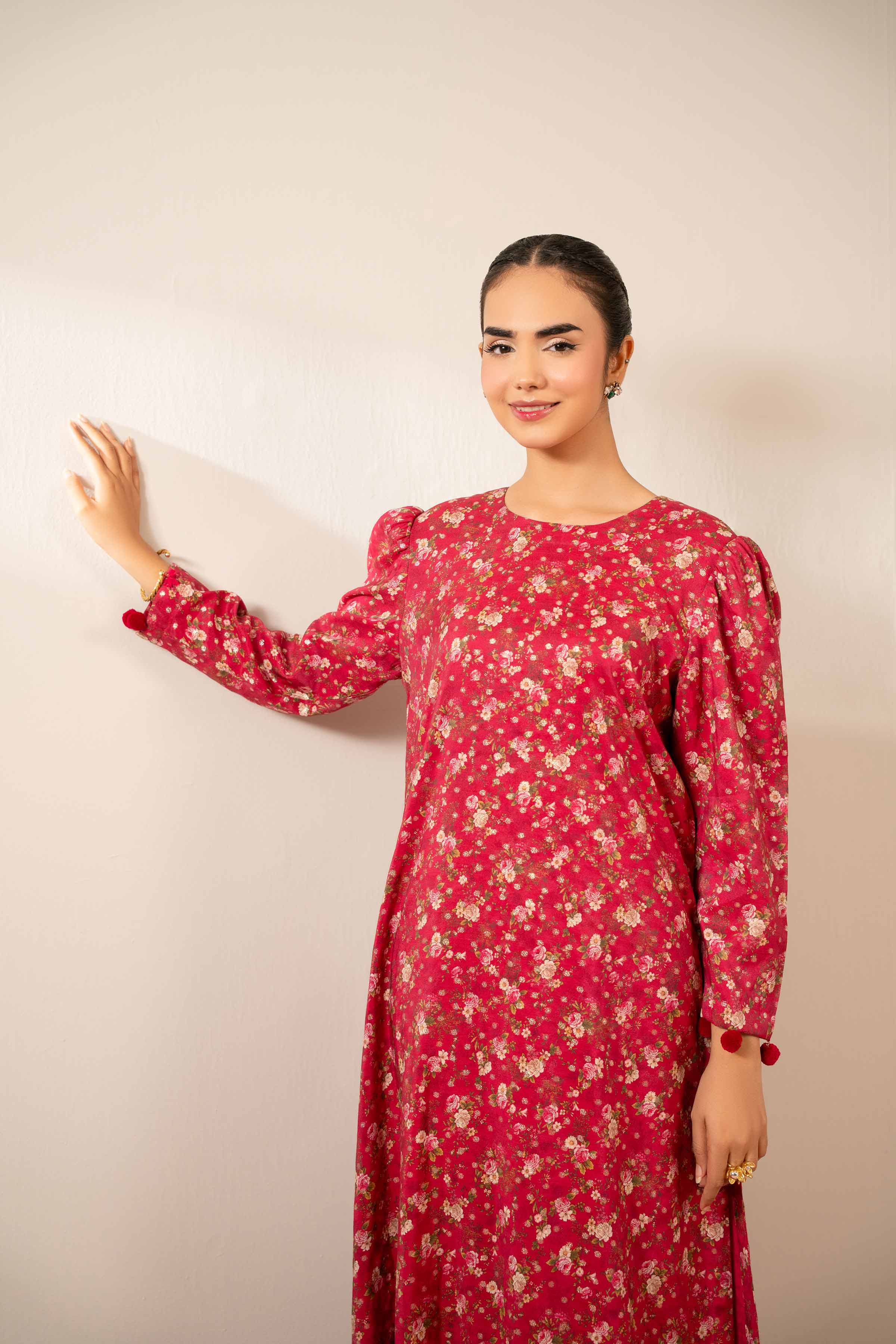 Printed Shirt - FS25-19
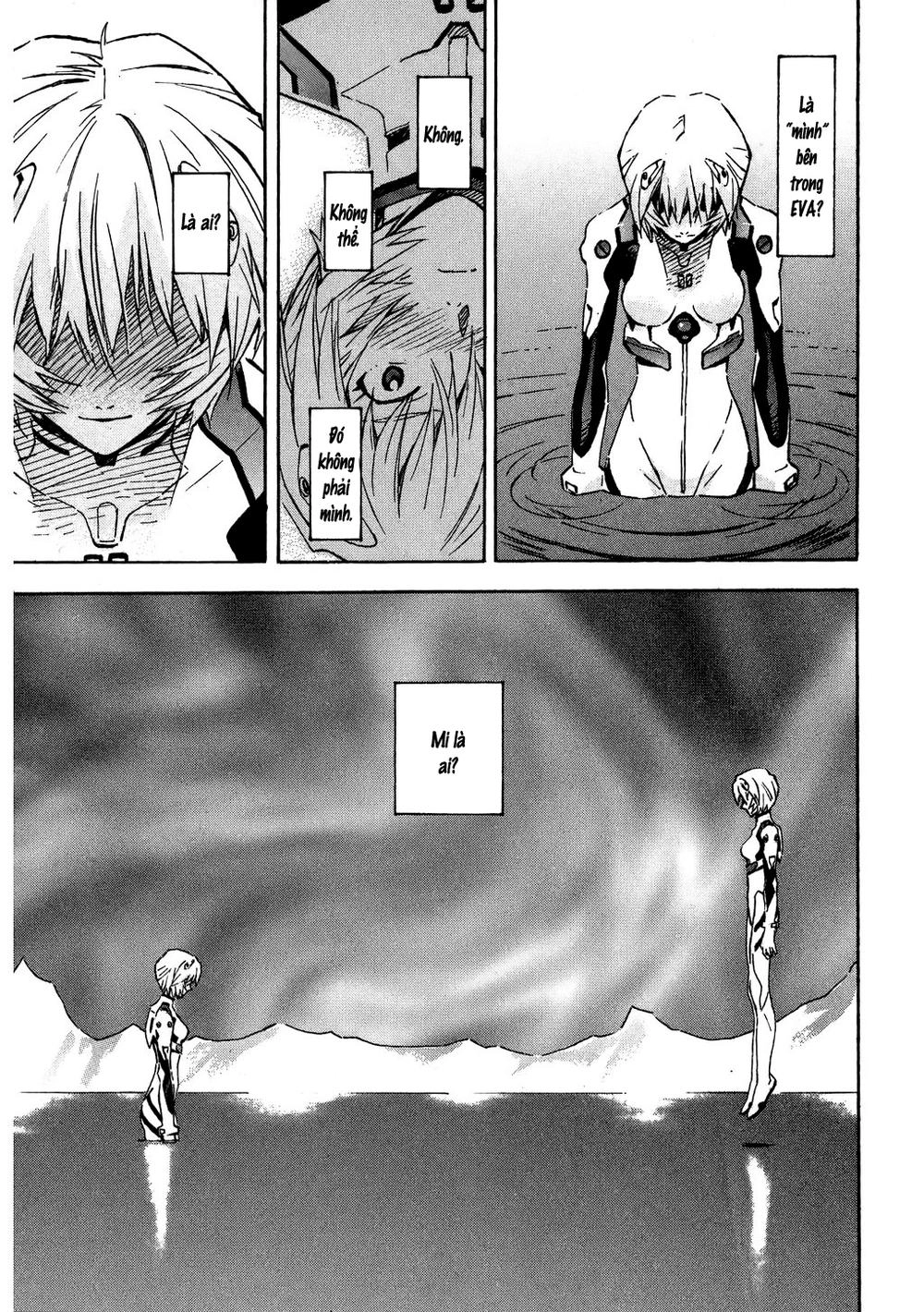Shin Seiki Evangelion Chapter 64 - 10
· · · · ·
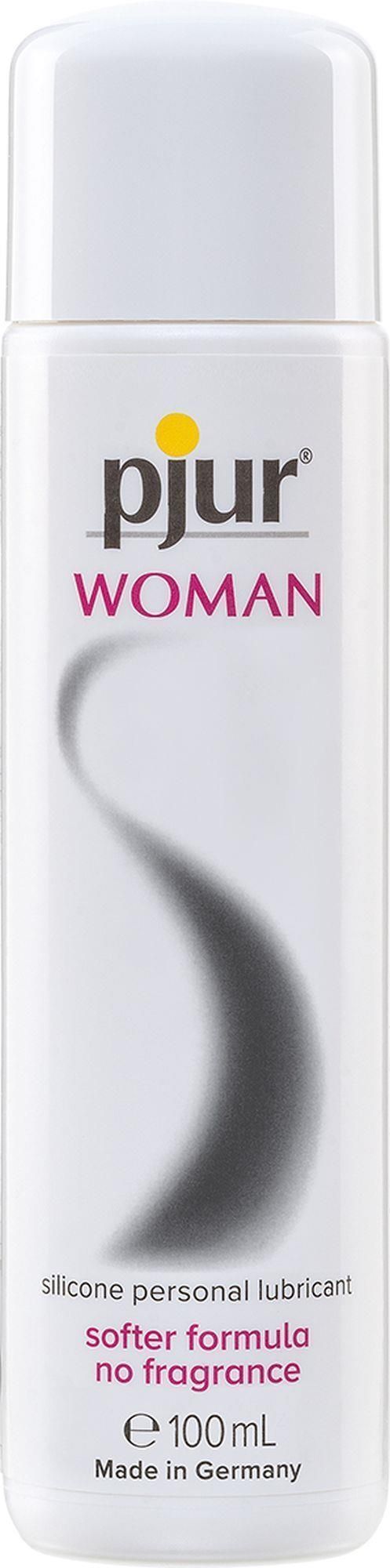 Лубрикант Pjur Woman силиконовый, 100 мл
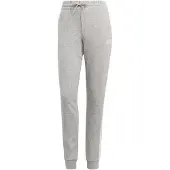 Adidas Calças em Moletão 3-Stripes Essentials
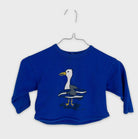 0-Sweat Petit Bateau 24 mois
· · · · ·
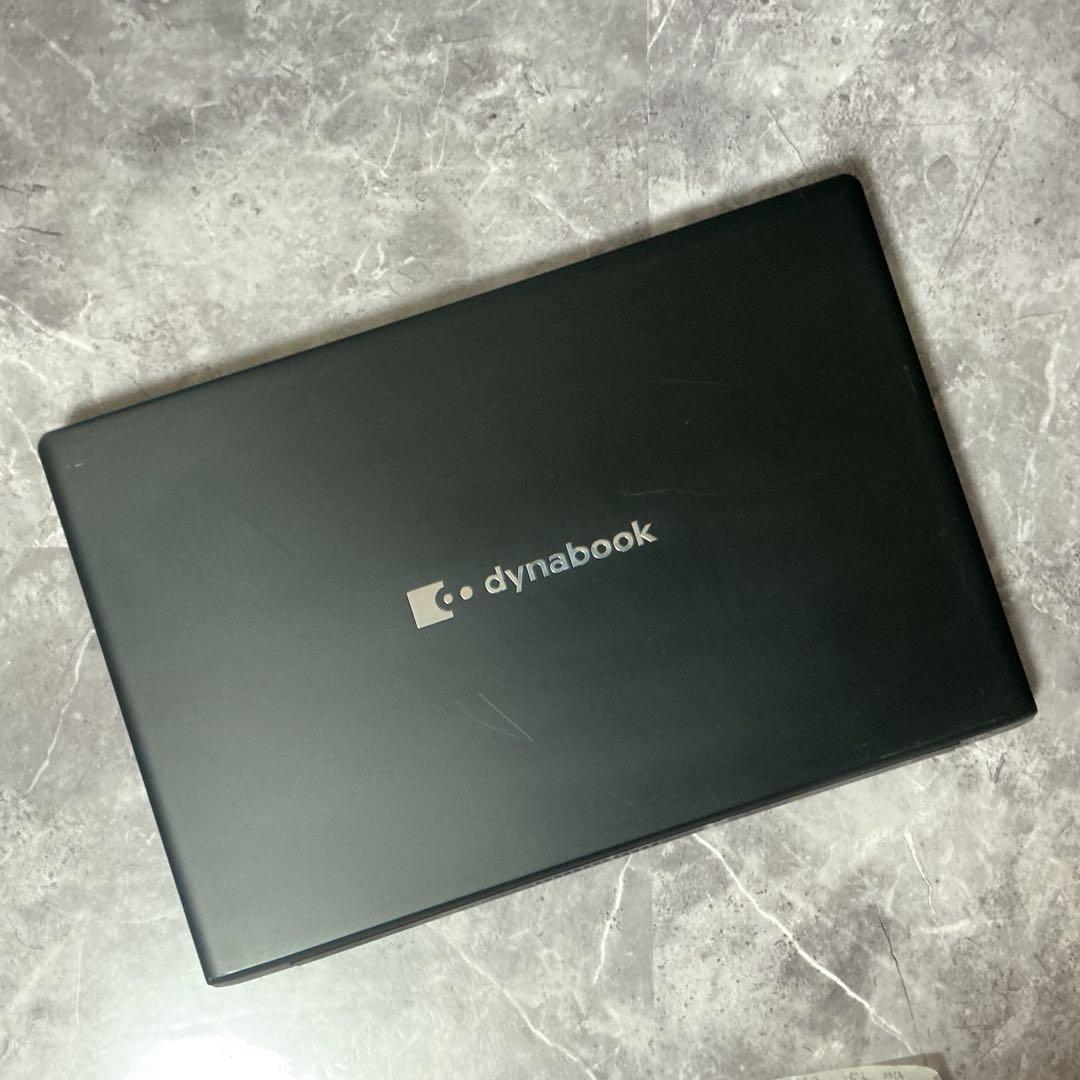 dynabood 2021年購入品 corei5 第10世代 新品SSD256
· · · · ·
Work instruction
From the line holding "Printed Shirt - FS25-19" to the line holding "Shin Seiki Evangelion Chapter 64 - 10", both included, retype the entries above exactly and drop the pictures.

Written response
 Printed Shirt - FS25-19
Shin Seiki Evangelion Chapter 64 - 10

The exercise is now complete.